Disclaimer : Rien n'est à moi, tout est au vénéré Tolkien.

Warnings : Ce recueil de OS est peut-être un peu déprimant… Un peu.

° 5 °

Les petits pas d'Elrond ne font aucun bruit tandis qu'il marche, sourcils froncés, perdu dans ses réflexions. Il a posé sa question au hurleur, il fallait qu'il sache. Mais la réponse obtenue n'est pas celle qu'il attendait. Il ne comprend pas. C'est peut-être un mensonge. Les sourcils bruns de l'enfant se froncent encore plus. Le hurleur a déjà menti, et à son grand frère en plus, pas plus tard que la veille. Il peut recommencer. …N'est-ce pas ?

Le semi-elfe est presque arrivé à la salle de jeu lorsqu'il entend les pas lourds du grondeur résonner devant lui. Il n'a pas envie de le voir. Le grondeur a dit la veille qu'il n'était pas fâché pour les plantes, parce qu'il croyait qu'Elrond voulait juste jouer, mais c'est peut-être encore un mensonge.
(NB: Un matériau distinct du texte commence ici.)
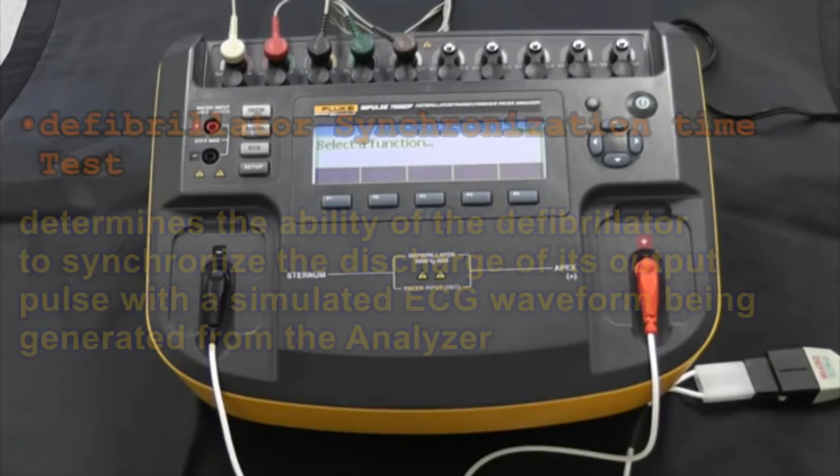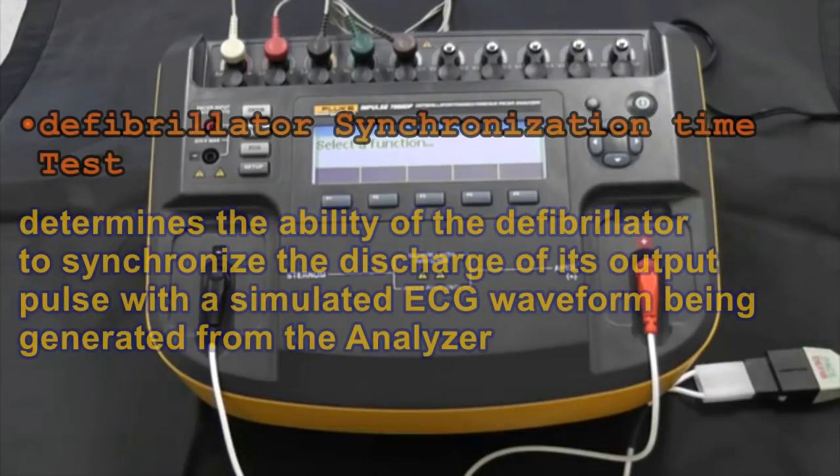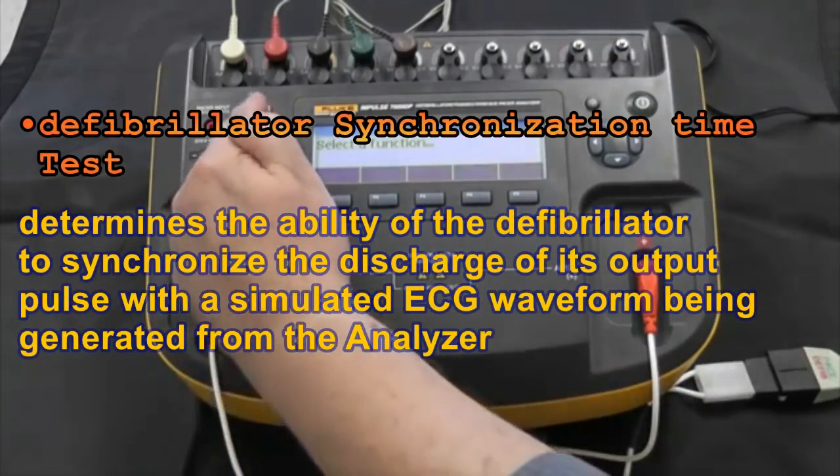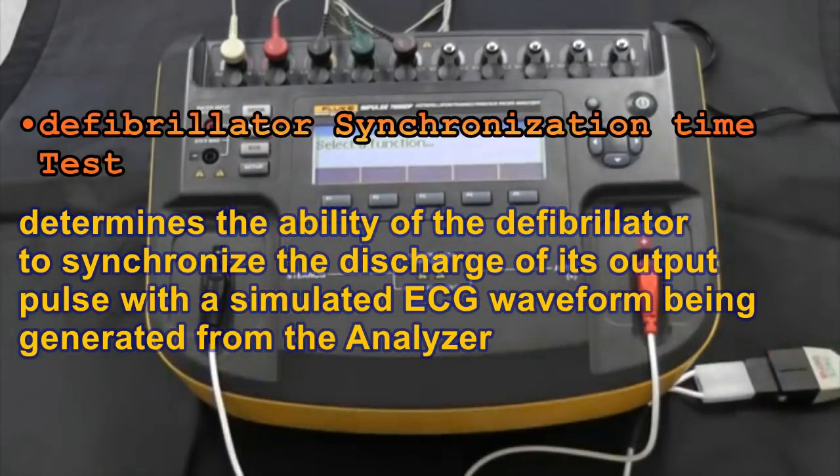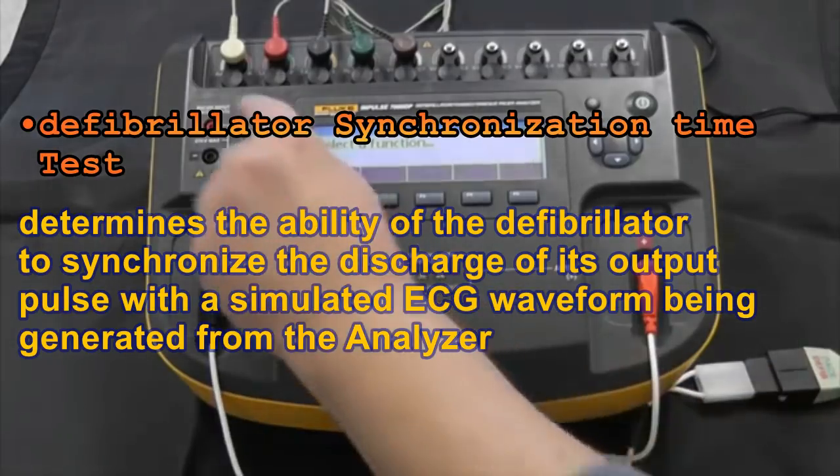So how do we select what we want to do? You can see on screen it says 'select a function' — in other words, tell me what to do. We follow the function keys on the side of the screen, so let's start with defib.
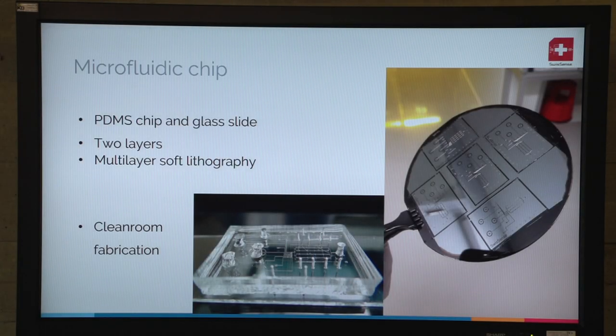I'm going to walk you through the whole process of each component of the prototype, but first let's talk about the cartridge. The cartridge is a microfluidic chip. It's composed of PDMS bonded on a glass slide. It's composed of two layers — I'm going to explain a bit more why after.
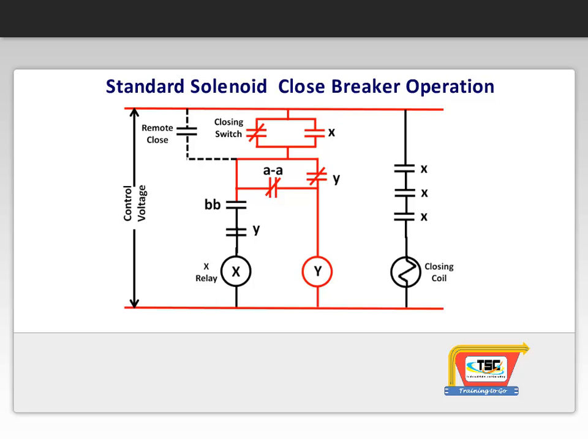The Y relay becomes energized through the AA contacts and the Y contact seals in the Y relay and holds open the X relay coil circuit. This prevents another closing operation if one of the protective devices operates the trip to breaker before the contact of the closing switch releases. Once the breaker opens, the control circuit returns to its original state.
Alors le petit se cache derrière une porte entrouverte. Le grand monsieur passe devant lui, en de longues enjambées nerveuses, ses cheveux sanglants ondulant dans son sillage. Il ne le remarque pas, et l'enfant attend qu'il disparaisse pour sortir de sa cachette.
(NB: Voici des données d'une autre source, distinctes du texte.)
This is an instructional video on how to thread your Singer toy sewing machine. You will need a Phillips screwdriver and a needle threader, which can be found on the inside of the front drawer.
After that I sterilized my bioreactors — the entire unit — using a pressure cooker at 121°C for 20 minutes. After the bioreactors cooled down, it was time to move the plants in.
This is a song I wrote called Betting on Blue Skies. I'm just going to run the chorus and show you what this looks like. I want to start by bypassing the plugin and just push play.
Lorsqu'il entre dans la salle de jeu, c'est un Elros excité et bondissant comme une puce qui l'accueille. Monsieur Maedhros vient de passer, lui explique le garçonnet. Il voulait donner quelque chose à Elrond, poursuit-il, mais comme il n'était pas là il a posé cette chose sur une chaise, lui a demandé d'attendre son jumeau pour regarder dedans et est reparti. Elros a attendu, au moins deux bonnes minutes, en sautant partout. Il parie que c'est un nouveau jouet, sinon monsieur Maedhros ne l'aurait pas apporté dans la salle de jeu, pas vrai ?
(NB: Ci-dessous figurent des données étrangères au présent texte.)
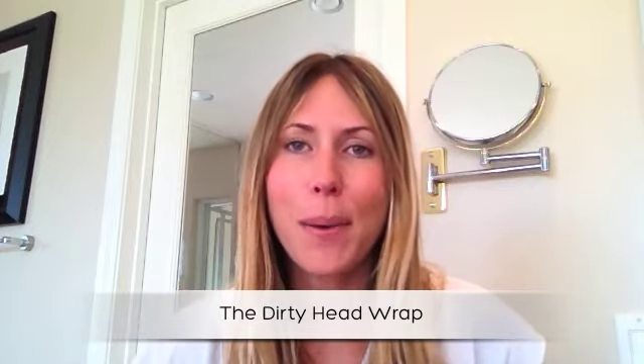Hi, I'm Tara with TaraRaeStevens.com. Today I'm going to show you my three favorite ways to wear a headscarf.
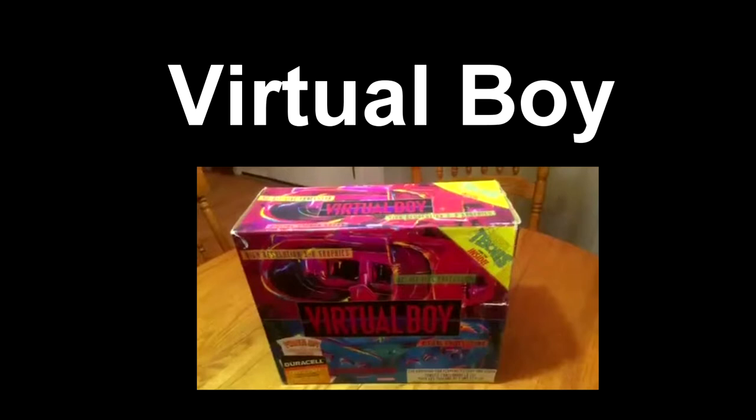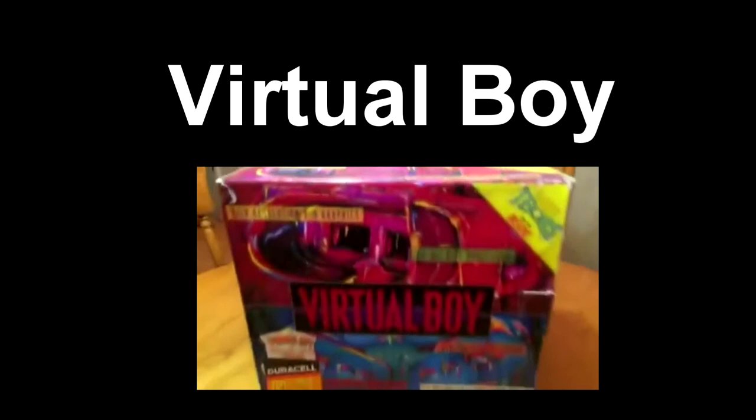Enjoy that video? Well, check out the last one I did on the Nintendo Virtual Boy, and if you really enjoyed, leave a like and maybe subscribe. Thanks for watching.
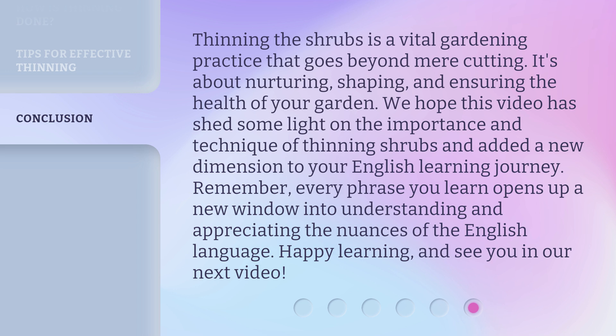Thinning the shrubs is a vital gardening practice that goes beyond mere cutting. It's about nurturing, shaping, and ensuring the health of your garden. We hope this video has shed some light on the importance and technique of thinning shrubs and added a new dimension to your English learning journey. Remember, every phrase you learn opens up a new window into understanding and appreciating the nuances of the English language. Happy learning, and see you in our next video.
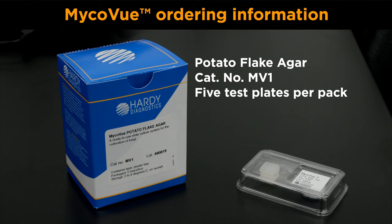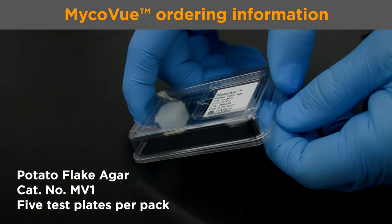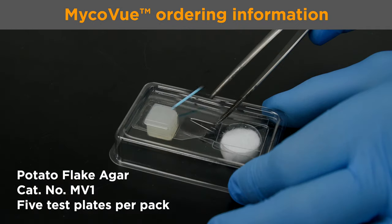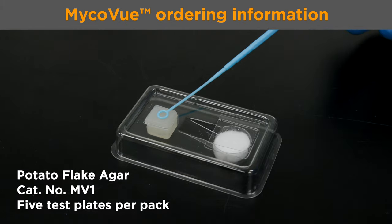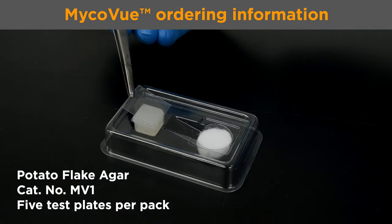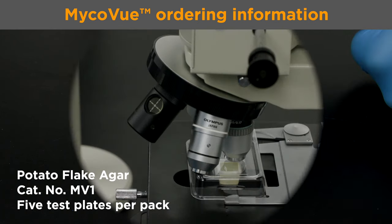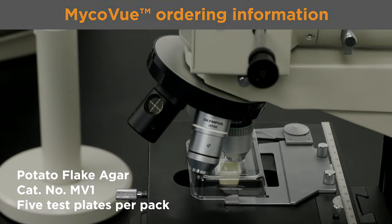To order, view the link below. Each package of MicroView comes with five test plates. In conclusion, MicroView offers an easy, ready-to-use system for preparing superior views of undisturbed growing fungal cultures. MicroView will streamline your slide culture process, making your identification far easier than any other method available.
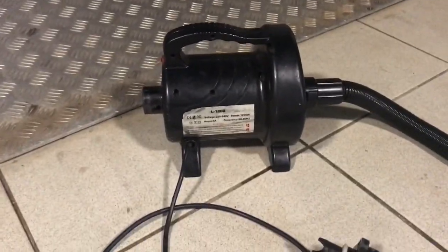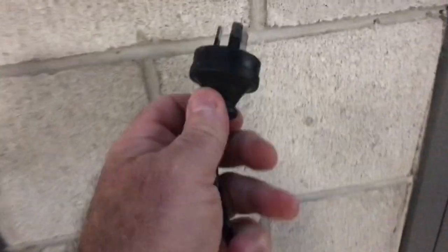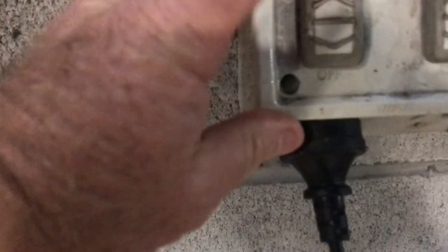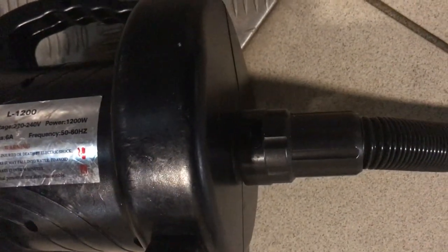These are the pumps that blow the balls up. As you can see, we've got a portion that goes in, so we'll plug that into the wall — power's on. Now with this, there are two ends to the valve: one will blow the ball up and one will suck the air out.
Elrond regarde sur la chaise. Une jolie boîte en bois blanc, décorée d'arabesques gravées et peintes de couleurs pastelles, est posée là. Deux poignées et un fermoir d'argent en ornent le couvercle. Le métis débloque le fermoir à la demande de son frère et tire sur les poignées. Le couvercle s'ouvre par le milieu et dévoile une panoplie de petits ustensiles soigneusement rangés. Il y a là des rouleaux de bandages, des coupelles, des couteaux, des pinces, des aiguilles et du fil, de petites attelles de bois, des pots fermés, des lingettes, des sachets de tissus… Il y a même une sacoche de cuir. Elros ne peut retenir une exclamation ravie :

« Une boîte de soigneur ! Regarde Elrond, c'est une vraie boîte, avec des pansements ! »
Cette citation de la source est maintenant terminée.